Na Escola Franciscana Imaculada Conceição, alguns alunos já estão no meio dessa jornada. E o que eles estão construindo, antes mesmo de completar dez, doze anos, já tem nome, tem troféu e tem história.
Matheus Masetto Rezende tinha dez anos quando começou a treinar tênis de mesa no clube Acepong. Dois anos depois, com 12, cruzou a quadra representando a EIC nos Jogos entre Escolas do Sub-13 e voltou com o título de campeão. Não foi sorte. Foi o resultado silencioso de dois anos de treino, de chegadas cedo, de bolas erradas que viraram bolas certas, de um menino que decidiu que queria ser bom e foi atrás disso todos os dias.
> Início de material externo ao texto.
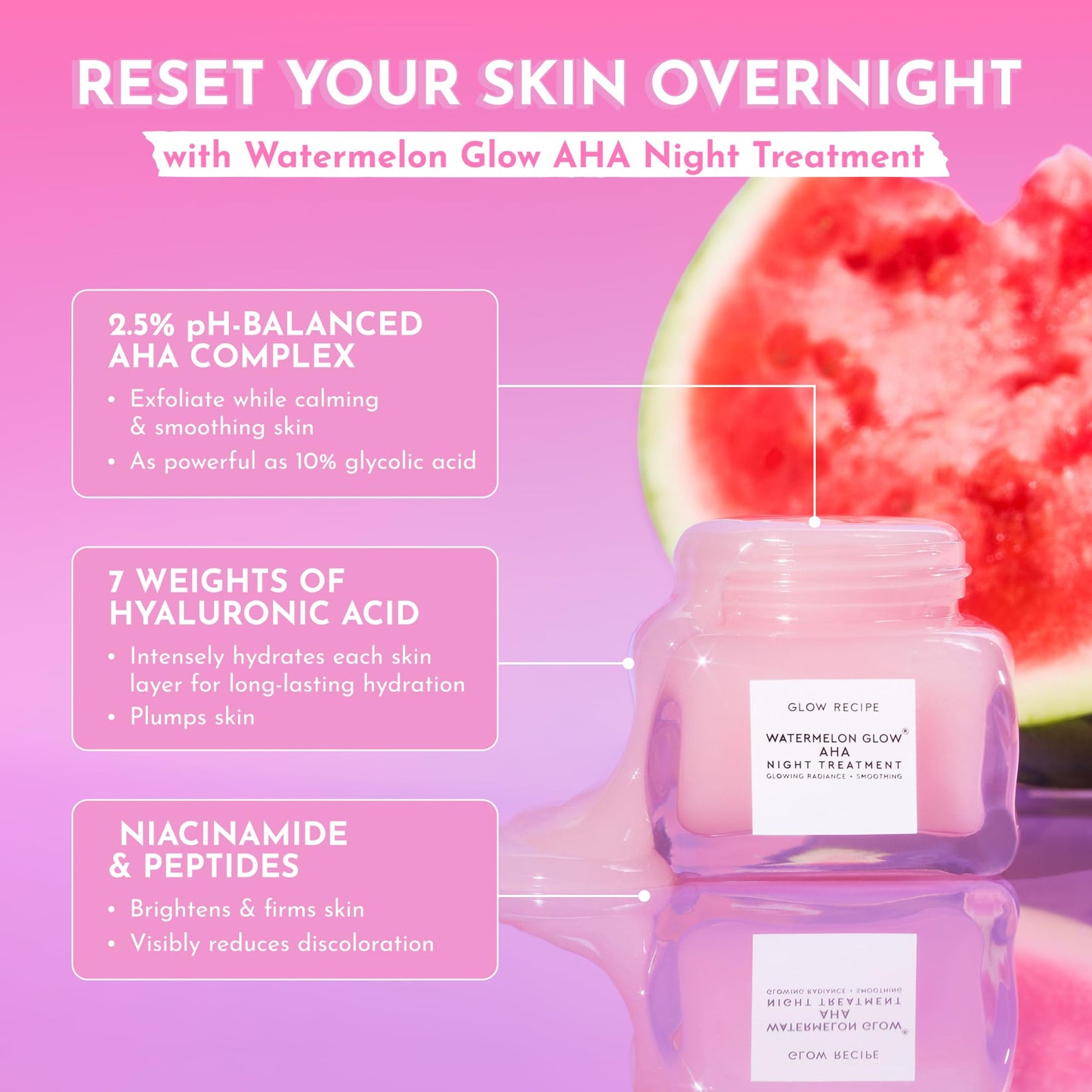Glow Recipe Watermelon Glow AHA Night Treatment - Overnight Resurfacing Mask with AHA Complex, Hyaluronic Acid, Niacinamide & Watermelon Enzymes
Cauã Araújo de Matos encontrou no judô o seu caminho. Nos tatames, ele carrega a disciplina e o respeito que a arte marcial exige, representando a EIC em campeonatos com a seriedade de quem entende que o esporte é muito mais do que competição. É formação.
No vôlei, a EIC já tem tradição consolidada. Desde 2019, a parceria com a Skill Sports projetou atletas ao cenário nacional, com mais de 350 alunos formados e nomes como Ana Julia Calvento Ferreira e Celina Braun Terhorst chegando à Divisão Especial Sub-16 da CBS, o mais alto nível do vôlei de base do país. A estrutura que produziu essas conquistas segue viva, com categorias do Sub-9 ao Master, e continua revelando talentos.
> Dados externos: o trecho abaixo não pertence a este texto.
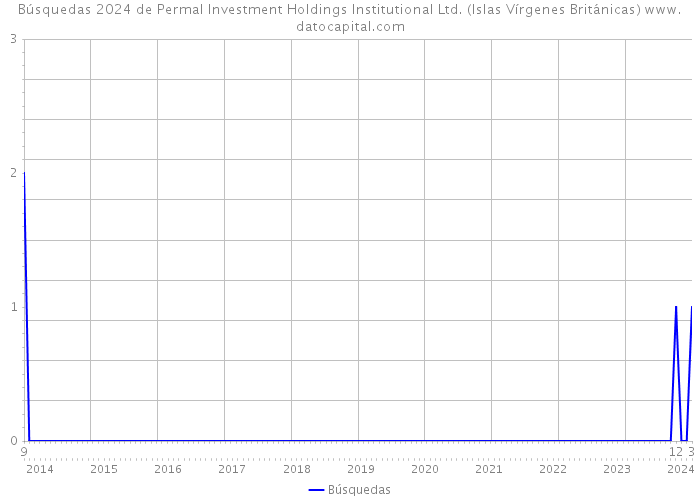 Búsquedas 2024 de Permal Investment Holdings Institutional Ltd. (Islas Vírgenes Británicas)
E no futebol, a história que está sendo escrita tem apenas 8 anos de idade e já chama atenção de clubes do cenário nacional. Guilherme Ribeiro Aréco começou antes de saber andar direito. Com 2 anos, era o pai quem ajudava a chutar as primeiras bolas. Com 8, já é campeão estadual do Sub-9 e do Sub-11, e seu nome chegou aos olheiros do Fluminense e do Internacional. Corintiano declarado, quando perguntado se jogaria num time rival, respondeu sem hesitar: "Pra ser jogador profissional, jogo em qualquer time." Oito anos. Essa clareza. Esse foco. Guilherme não está sonhando em ser jogador. Ele está trabalhando para isso.
A Sara de Lima Pereira Pimpanati com 9 anos, aluna do 3º Ano do Ensino Fundamental, Sara começou a jogar tênis aos 4. Cinco anos de raquete na mão, de viagens, de adversárias, de sol, de cansaço e de vitória. Sete campeonatos conquistados. O Troféu da 56ª Edição do Banana Bowl. O Troféu de 50 Anos da Copa IOT. Competições em Santa Maria, Chapadão do Sul, São Paulo. Aos 9 anos, Sara já tem uma carreira que muitos adultos não constroem em uma vida inteira. E o que está por vir para ela, com esse começo, é algo que não cabe ainda em palavras.
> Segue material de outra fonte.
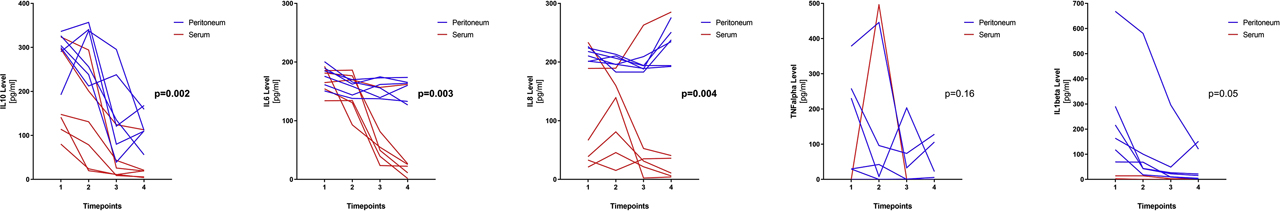 Figure 1: Cytokine levels in peritoneal fluid and serum of patients under negative pressure therapy. Spaghetti plots for levels of cytokines IL10, IL6, IL8, TNFalpha, and IL1beta are depicted for each timepoint (1=index operation, 2=POD0 arrival ICU, 3=POD1, 4=POD2). Each line represents one patient with blue lines corresponding to peritoneal fluid levels and red lines corresponding to serum levels. p-Values compare peritoneal and serum levels for all six patients with respect to their timepoints.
O que une todos esses atletas não é só o talento. É a escolha de aparecer todos os dias. De treinar quando ninguém está olhando. De perder e voltar. De ganhar e continuar. São crianças que já aprenderam uma das lições mais difíceis da vida: que o resultado é apenas a superfície. O que realmente forma um campeão é o que acontece antes dele.
A Escola Franciscana Imaculada Conceição acredita que o esporte é parte da formação humana, não um extra no currículo. Quando um aluno aprende a competir com respeito, a perder com dignidade e a ganhar com humildade, ele está aprendendo a viver. E essa escola, franciscana no coração, sabe que a jornada importa tanto quanto o destino.
Como disse uma vez o maior tenista da história ao olhar para tudo que construiu:
"Quando era criança e comecei a jogar tênis, jamais imaginei que poderia ganhar um título de Grand Slam, chegar a Master e, muito menos, sair da competição como o número 1."